L2/01-317
From: Michel Suignard [michelsu@microsoft.com]
Sent: Tuesday, August 14, 2001 1:23 PM
To: Winkler, Arnold F
Subject: Bracket Disunification & Normalization
August 14th 2001
This is my paper on the bracket disunification and complements the paper WG2 N2345 that was presented at the last WG2 meeting and also clarifies the issues that were brillantly presently by Ken Whistler in his email titled 'Bracket Disunification & Normalization Hell'.
The issue arises mostly from the situation that characters encoded in the range 3000-303F (CJK Symbols and Punctuation) have been used historically for CJK processing, mainly for parenthetical notation. Their origin goes back to terminal display with fixed cell width, and to match the surrounding JK characters their advance width was made 'wide'. This has resulted in very precise typographic guidelines for these characters that are followed by major fonts available in these market.

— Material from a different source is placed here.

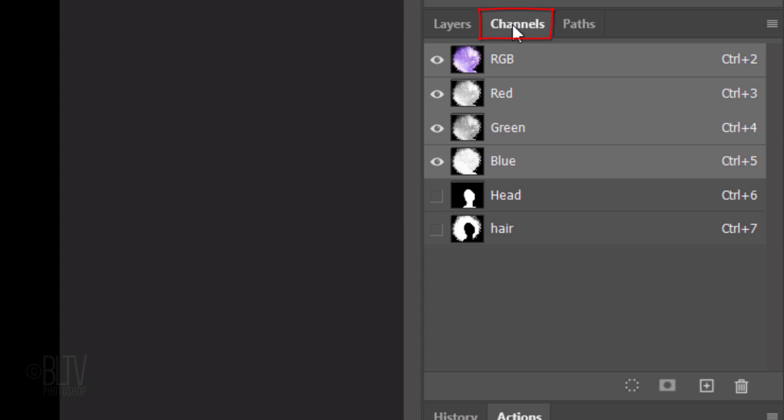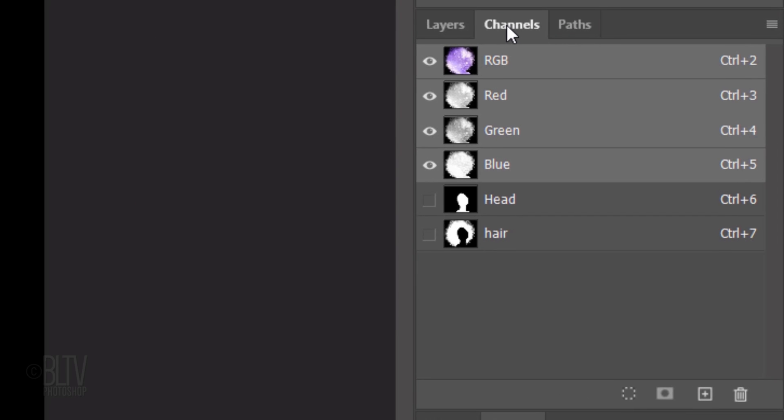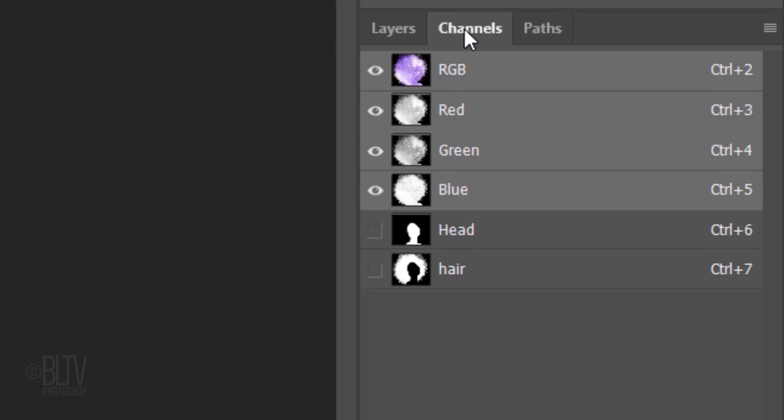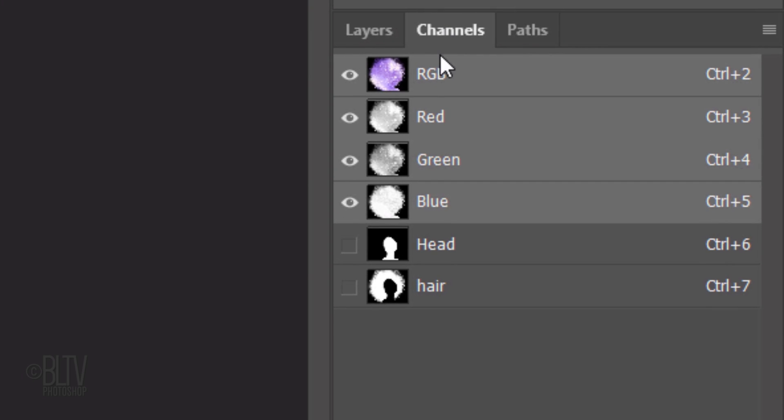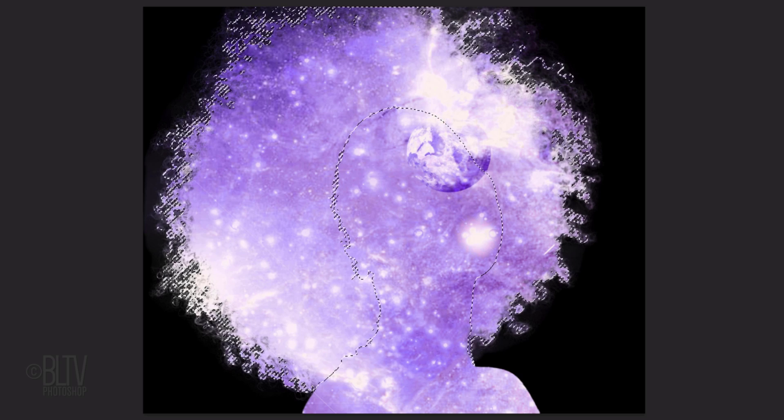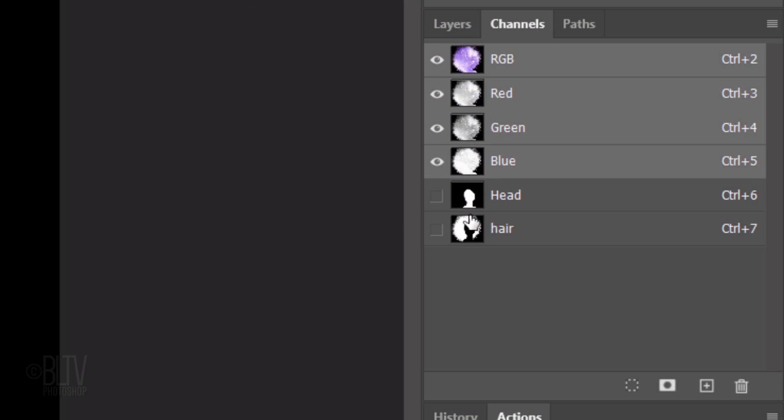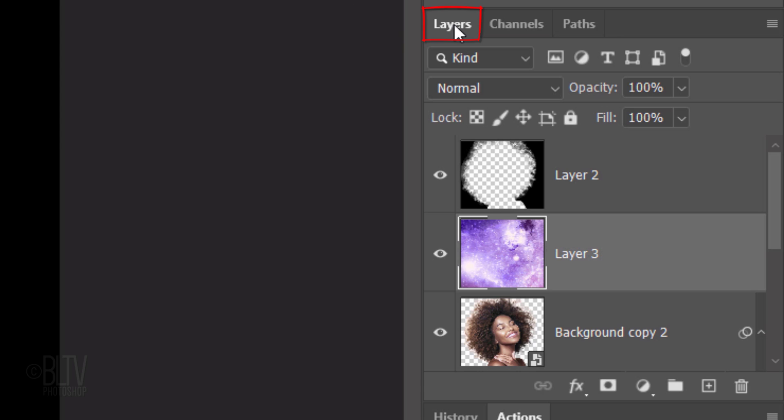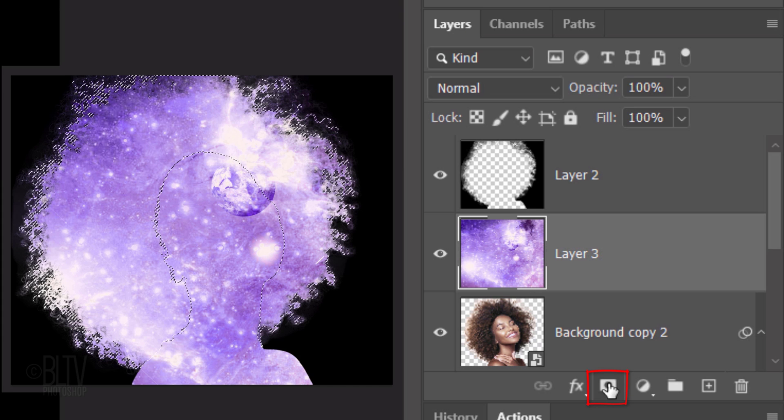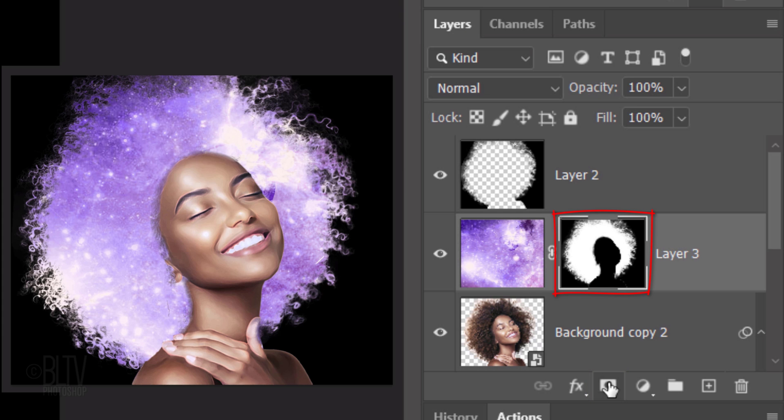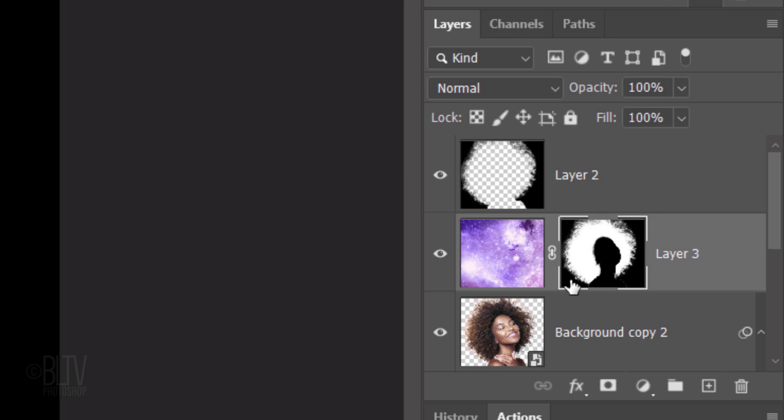Open your Channels panel. If you don't see it, go to Window and Channels. Ctrl or Cmd-click the thumbnail of the hair to select its shape. Open the Layers panel and click the Layer Mask icon to make a layer mask next to the active layer. Click the chain link icon to unlink the layer and the layer mask. Doing this allows us to resize and reposition either of them independently of the other.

Although these characters have some glyphic similarities with mathematical characters, they are not intended to be used for that purpose. Their character metric are fundamentally different:
1) They are typically full width character (EM size)
2) They have either a preceding or a following blank space (to emphasize their
parenthetical nature), and that blank space can be adjusted in text compression
expansion or even simple kerning (without text justification)
3) they use a centered baseline (instead of the low alphabetical baseline
used for most other symbols)
4) they participate in their very precise way in vertical writing. Unlike most
CJK character, they don't stay upright, but go 'sideway', using an alternate
glyph with the blank space located appropriatedly to allow typical blank space
management.
For these reasons, these characters are not compatibility characters. Mathematical characters and CJK symbols cannot be canonicalized into each other. They are basically addressing different needs. Furthermore, as pointed by Ken, the logical wide to narrow decomposition (that would parellel the full width character decomposition) cannot be used anymore as it would break normalization.
(It could be argued that some existing wide to narrow decomposition are sometimes used out of bound as the usage of both forms is very different, but this is a debate that is too late to open!)
The author has no strong preference for the addition of extra CJK symbols for the 'double left/right parenthesis'. One set has to be encoded in the Miscellaneous Mathematical Block (29xx range) for mathematical use. A CJK version is probaly required but further study in the expected typographic behavior of the JIS 213 CJK white left/right parenthesis should be done before final decision. This can still be done before the disposition of comment of the FPDAM1.
Following is the list of affected characters and their old and new properties:
Old: GCat = Ps, EAW = A, Other_Math = Y
New: GCat = Ps, EAW = W, Other_Math = N
----
2329 LEFT-POINTING ANGLE BRACKET
==> 3008
3008 LEFT ANGLE BRACKET
301A LEFT WHITE SQUARE BRACKET
Old: GCat = Ps, EAW = A, Other_Math = N
New: GCat = Ps, EAW = W, Other_Math = N
----
300A LEFT DOUBLE ANGLE BRACKET
3014 LEFT TORTOISE SHELL BRACKET
3018 LEFT WHITE TORTOISE SHELL BRACKET
Old: GCat = Pe, EAW = A, Other_Math = Y
New: GCat = Pe, EAW = W, Other_Math = N
----
232A RIGHT-POINTING ANGLE BRACKET ==>
3009
3009 RIGHT ANGLE BRACKET
301B RIGHT WHITE SQUARE BRACKET
Old: GCat = Pe, EAW = A, Other_Math = N
New: GCat = Pe, EAW = W, Other_Math = N
----
300B RIGHT DOUBLE ANGLE BRACKET
3015 RIGHT TORTOISE SHELL BRACKET
3019 RIGHT WHITE TORTOISE SHELL BRACKET
The new characters added would have the following properties:
GCat = Ps, EAW = Na, Other_Math = Y
----
2B00 MATHEMATICAL LEFT WHITE SQUARE BRACKET
2B02 MATHEMATICAL LEFT ANGLE BRACKET
2B04 MATHEMATICAL LEFT DOUBLE ANGLE BRACKET
2985 MATHEMATICAL WHITE LEFT PARENTHESIS (already part of
amend. 1)
GCat = Pe, EAW = Na, Other_Math = Y
----
2B01 MATHEMATICAL RIGHT WHITE SQUARE BRACKET
2B03 MATHEMATICAL RIGHT ANGLE BRACKET
2B05 MATHEMATICAL RIGHT DOUBLE ANGLE BRACKET
2986 MATHEMATICAL WHITE RIGHT PARENTHESIS (already part of
amend. 1)
If the CJK symbols were added they would have the following properties:
GCat = Ps, EAW = W, Other_Math = N
----
33DE WHITE LEFT PARENTHESIS
GCat = Pe, EAW = W, Other_Math = N
----
33DF WHITE RIGHT PARENTHESIS
----